The formation can be thousands of meters thick. One section adjacent to the western Himalayas is 3,400 m thick.29 In eastern Nepal, the upper Siwalik conglomerate is up to 1,700 m thick,30 and is generally well rounded by water action.

Evidence suggests paleocurrent directions are both parallel and perpendicular to the Himalayas.31 Therefore, the paleocurrents were most likely flowing off the mountains and flowing parallel to the mountains. The Siwalik Formation was deposited while the Himalayas were being uplifted.32,33 There has been much erosion in the Himalayas, with some estimates up to about 10 km. The shed debris includes the Siwalik Formation, which is sometimes overthrusted by the Lesser Himalayas, indicating that deposition was syntectonic.34 Therefore, the major uplift of the Himalayas is thought to have been in the late Cenozoic.

Figure 4. Braided river of the north fork of the Toutle River near Mount St. Helens, Washington, USA.
Figure 4. Braided river of the north fork of the Toutle River near Mount St. Helens, Washington, USA.

Uniformitarians typically say all this conglomerate came from braided streams or a network of rivers flowing from the Himalayas.35,36 However, the upper member of the Siwalik Formation is hundreds of meters thick and extends as a continuous sheet along the southern edge of the Himalayas. This is very unlike braided stream deposits today; they deposit a variety of sediment, from clay to gravel, with rapid changes of facies (figure 4).

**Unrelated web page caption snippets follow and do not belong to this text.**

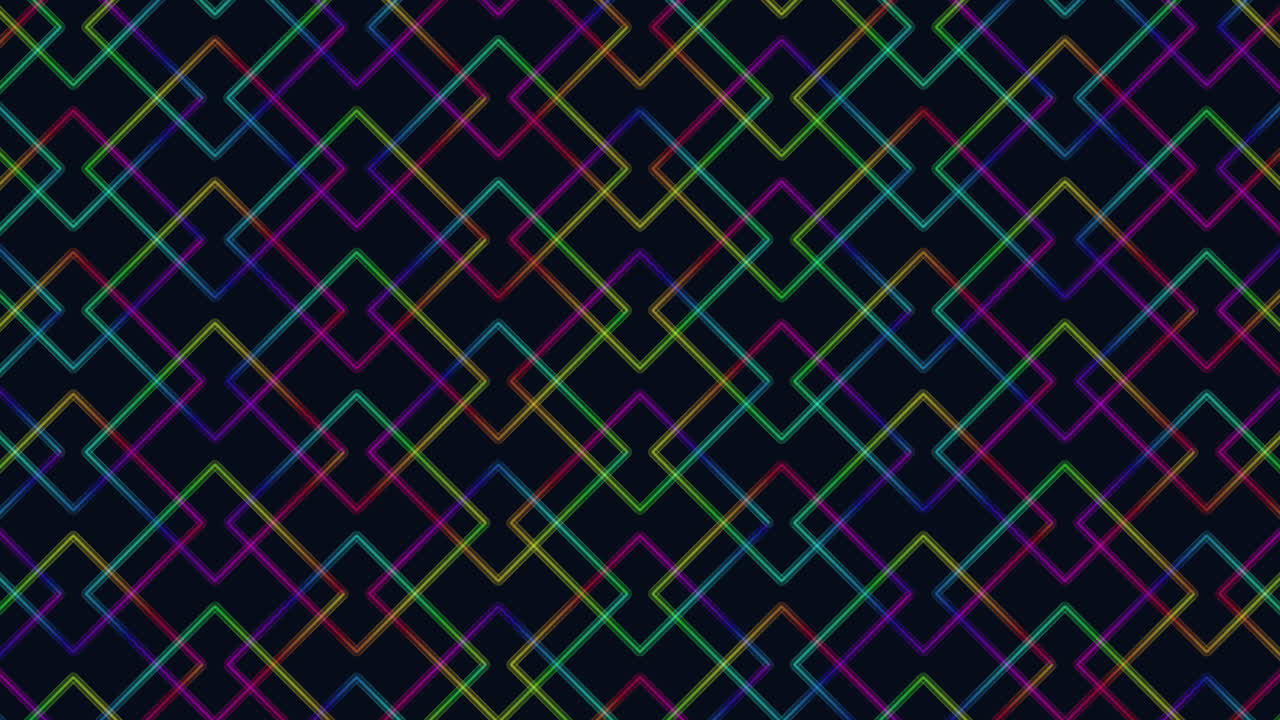 patrón de diamante geométrico en tonos de azul y púrpura sobre fondo negro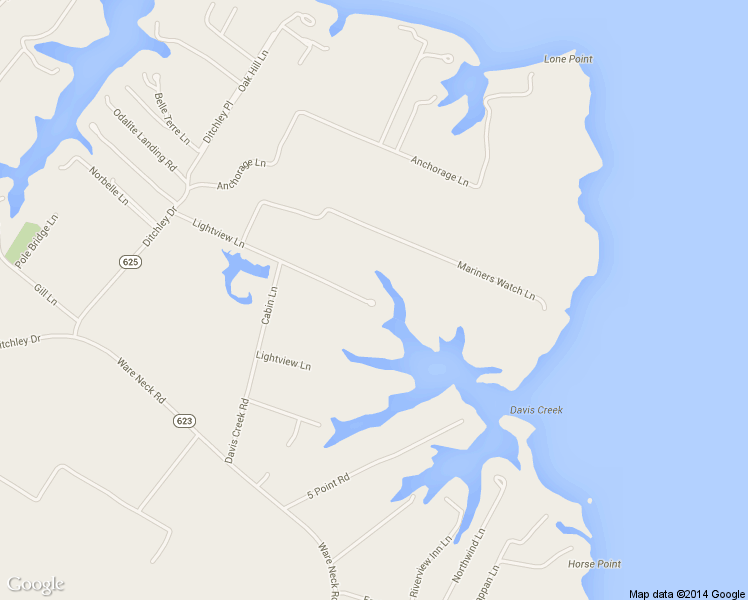 map of restaurants, bars, coffee shops, grocery stores, and more near 9574 Lightview Ln in Gloucester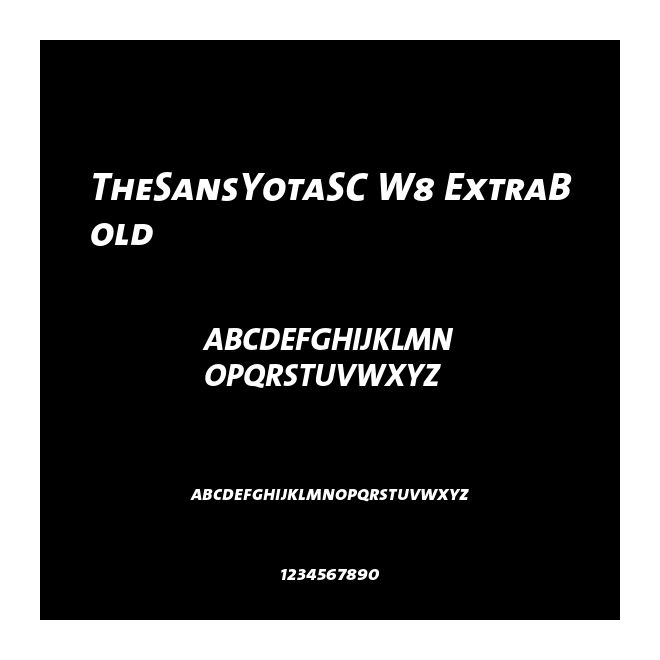 TheSansYotaSC W8 ExtraBold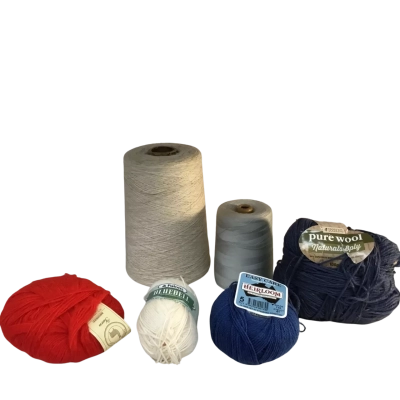 Assorted Wool and Yarns as pictured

Gravel north of the Tibetan Plateau

The Tibetan Plateau is the highest plateau in the world, with much of it above 5 km. It spans approximately 700,000 km2 , or about the size of the state of Texas. The plateau is supposedly buoyed up by thicker crust caused by the Cenozoic collision of India with Asia. The Tibetan Plateau is also a huge erosion surface that is remarkably level, but strongly dissected.37,38 North of the Tibetan Plateau is the relatively low and undeformed Tarim Basin.39

Just north of the Tibetan Plateau, in the foothills of the Tarim Basin, is a thick deposit of Cenozoic sedimentary rocks, the top of which is a thick sheet of conglomerate,39,40 similar to the Siwalik Formation. The gravel sheet thins northeast toward the center of the Tarim Basin. The rocks are generally rounded with some boulders larger than 2 m, and reach a maximum thickness of about 3,000 m. It is called the Xiyu Formation and is also found along the northern edge of the Tarim Basin adjacent to the Tian Shan Mountains (see below). There are some coarse gravels above the Xiyu Formation that are called the Gobi gravels; these continue much farther eastward in China.

It is thought that much of the material was shed by debris flows as the Tibetan Plateau uplifted and the Tarim Basin sank in the late Cenozoic. The gravel close to the mountains has been folded and uplifted after deposition, indicating that the Xiyu Formation continued to be uplifted during and after its emplacement. It is also admitted, however, that the mechanism and timing of the uplift of the Tibetan Plateau is controversial.

Gravels shed from the Tian Shan Mountains

The Tian Shan Mountains, meaning ‘the celestial mountains’ in Chinese, extend 2,500 km east-west in central Asia (figure 3). They are just north of the Tarim Basin and border several countries, including China on the northwest. The Tian Shan Mountains are intraplate mountains that rise to a maximum height of 7,439 m. Despite being intraplate mountains, they are also believed to have taken part in the collision with India and so are shortening. This shortening is predicted to be only about 10% in the Tian Shan Mountains as a result of the collision with India because the Tian Shan Mountains are about 1,700 km from the collision zone. But recent GPS readings indicate that around 50% of the shortening or plate convergence of south-central Asia occurs in the Tian Shan Mountains!41 This anomalous result indicates that more seems to be happening in south-central Asia than just the claimed collision of India with Asia.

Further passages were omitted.